Instructions to follow → From the line containing "Foto del edificio - 1813 12th St" through the last line of the material, copy every line exactly, both ends inclusive; do not copy pictures.

-- Data excerpts follows --

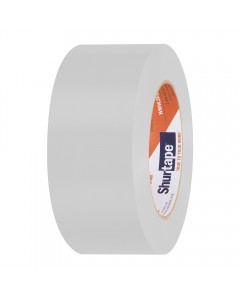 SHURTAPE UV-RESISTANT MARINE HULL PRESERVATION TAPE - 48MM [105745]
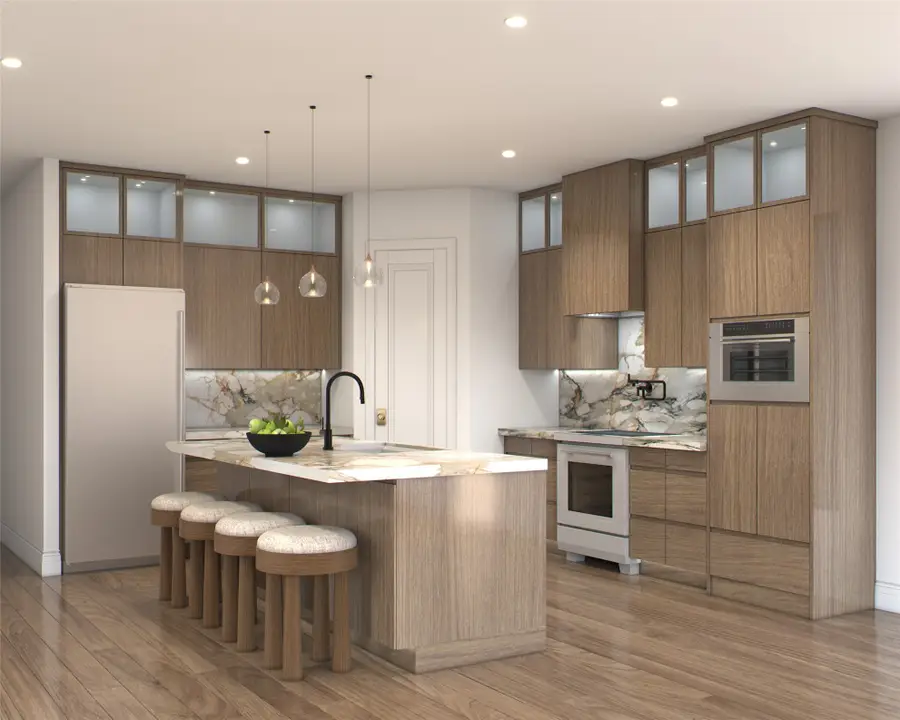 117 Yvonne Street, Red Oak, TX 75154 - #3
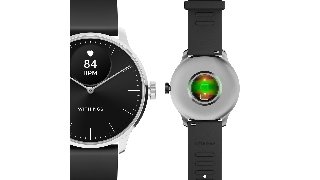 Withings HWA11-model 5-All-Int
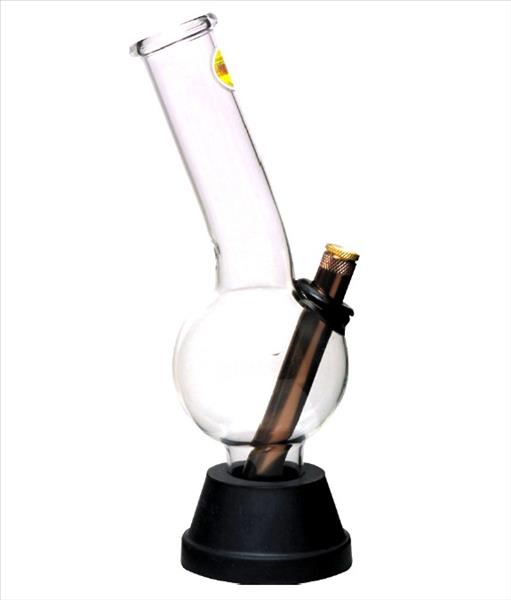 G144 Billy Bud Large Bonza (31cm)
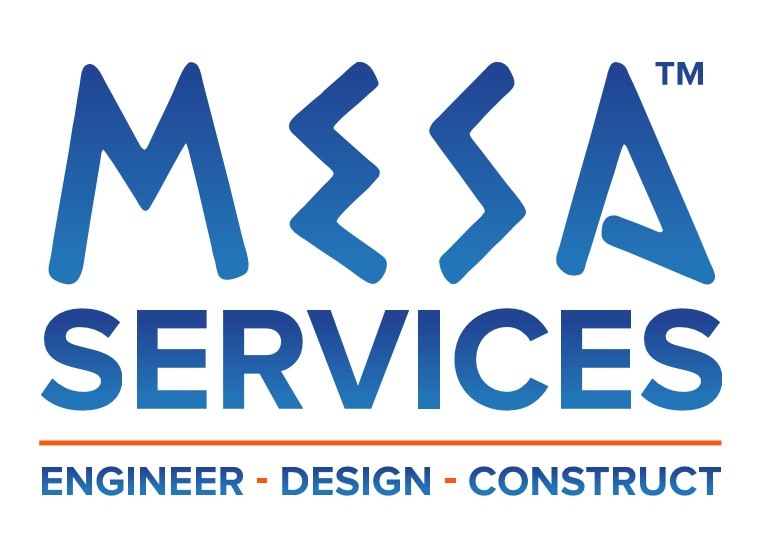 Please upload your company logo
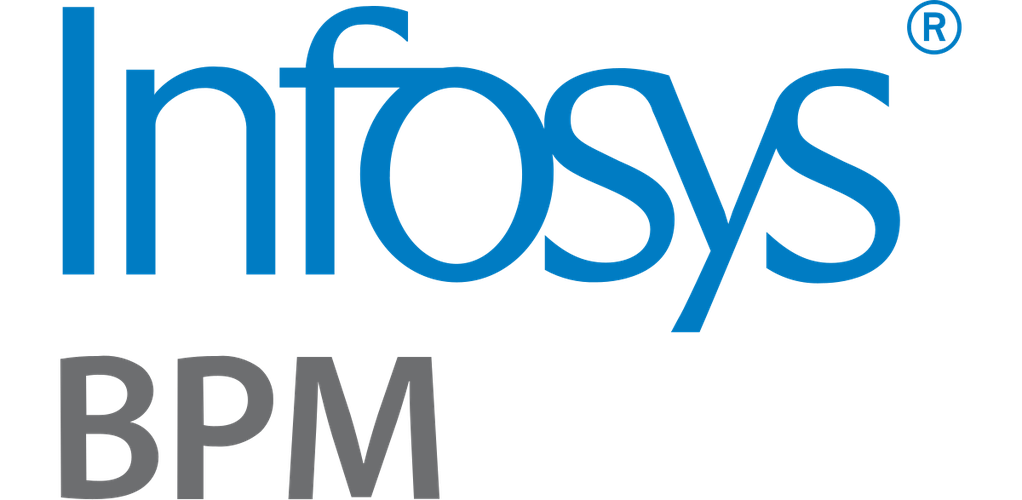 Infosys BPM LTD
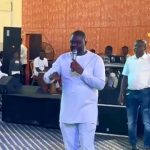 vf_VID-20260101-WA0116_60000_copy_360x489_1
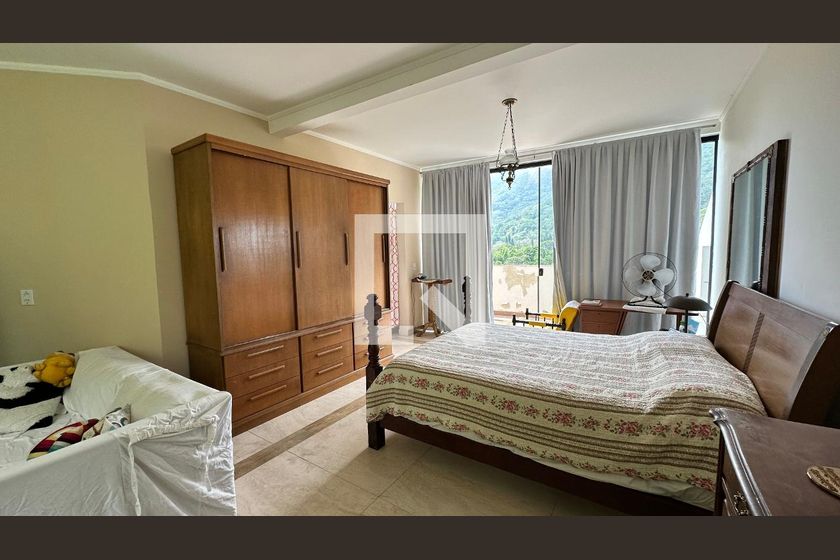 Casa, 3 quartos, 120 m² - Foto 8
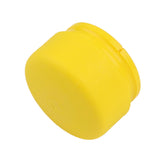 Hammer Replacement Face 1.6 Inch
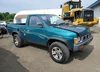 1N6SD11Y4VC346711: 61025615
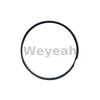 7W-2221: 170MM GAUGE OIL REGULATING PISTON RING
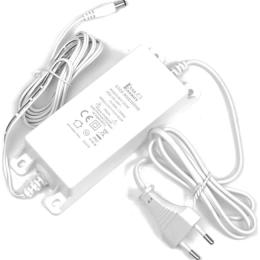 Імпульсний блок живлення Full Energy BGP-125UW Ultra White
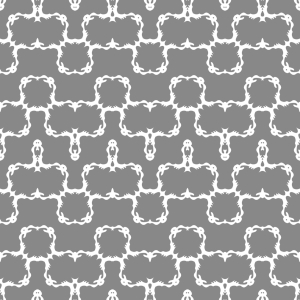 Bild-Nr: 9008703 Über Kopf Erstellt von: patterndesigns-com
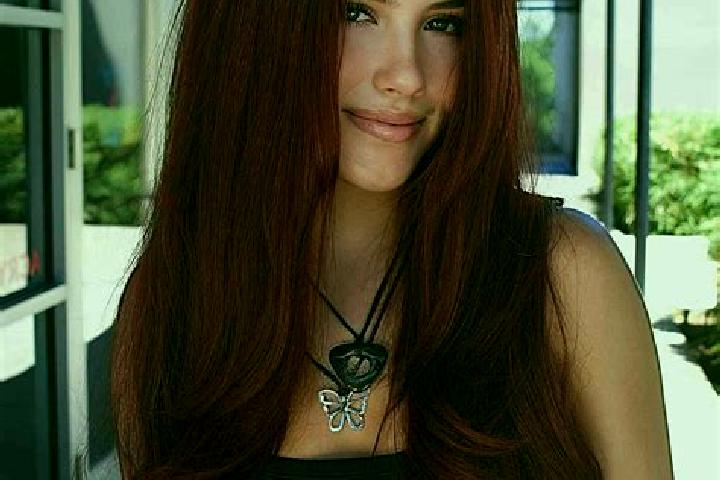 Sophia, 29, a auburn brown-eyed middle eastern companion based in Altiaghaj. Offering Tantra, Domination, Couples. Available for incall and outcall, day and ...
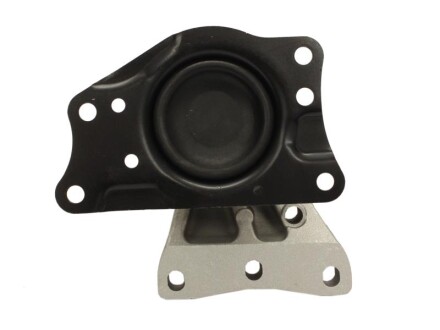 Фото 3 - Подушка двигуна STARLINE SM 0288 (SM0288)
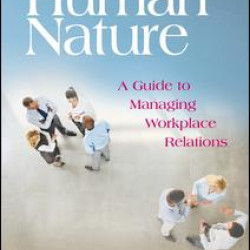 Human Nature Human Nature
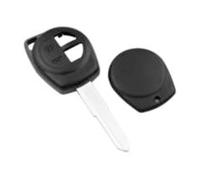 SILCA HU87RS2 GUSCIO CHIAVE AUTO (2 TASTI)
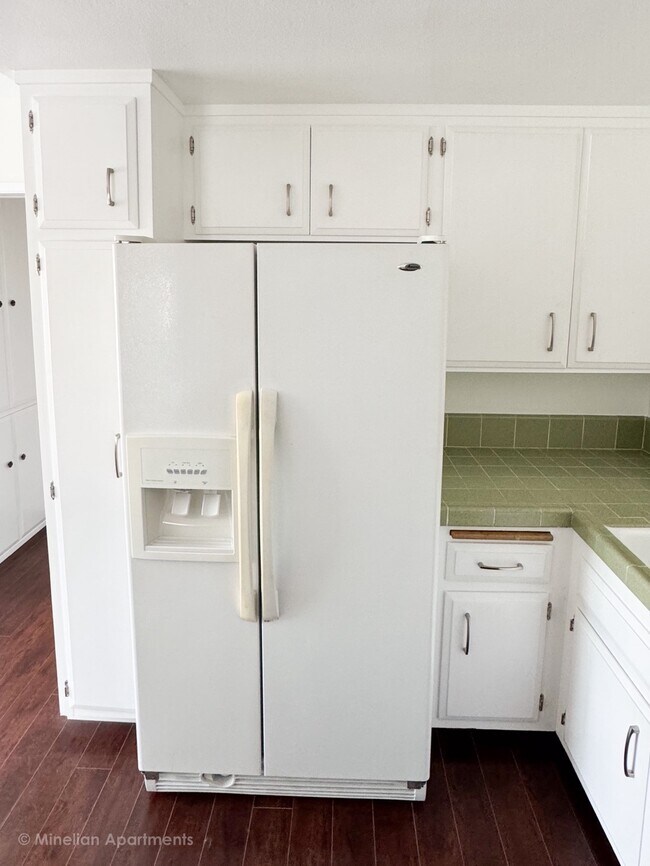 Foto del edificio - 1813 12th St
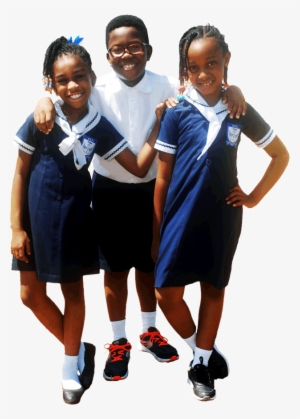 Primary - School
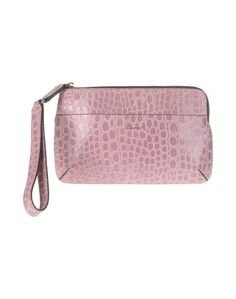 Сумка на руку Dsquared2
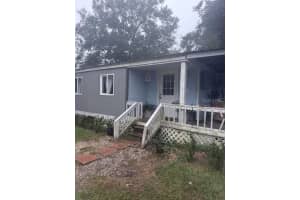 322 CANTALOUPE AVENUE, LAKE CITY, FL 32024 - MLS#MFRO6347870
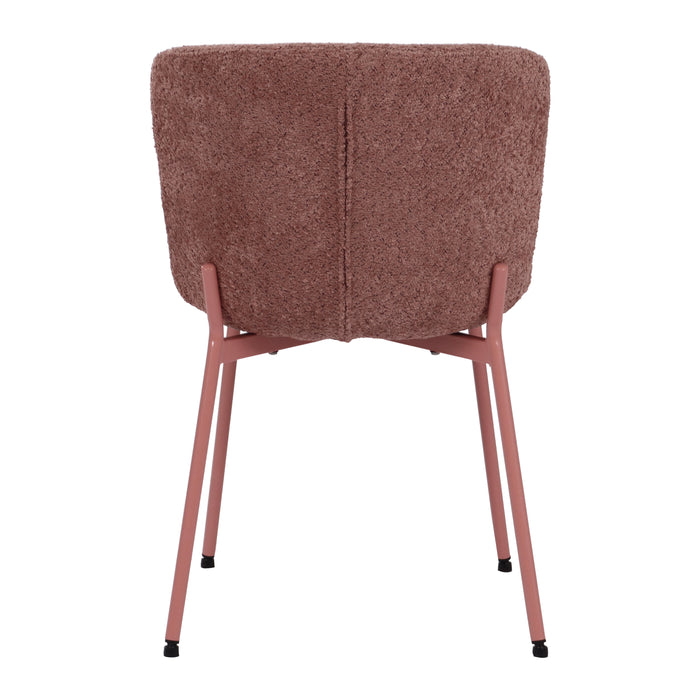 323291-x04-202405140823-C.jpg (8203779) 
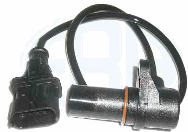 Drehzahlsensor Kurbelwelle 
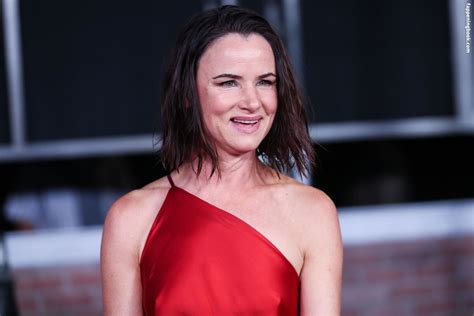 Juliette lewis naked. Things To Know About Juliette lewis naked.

-- Data excerpts concluded --

Written reply →
 Foto del edificio - 1813 12th St
 Primary - School
 Сумка на руку Dsquared2
 322 CANTALOUPE AVENUE, LAKE CITY, FL 32024 - MLS#MFRO6347870
 323291-x04-202405140823-C.jpg (8203779) 
 Drehzahlsensor Kurbelwelle 
 Juliette lewis naked. Things To Know About Juliette lewis naked.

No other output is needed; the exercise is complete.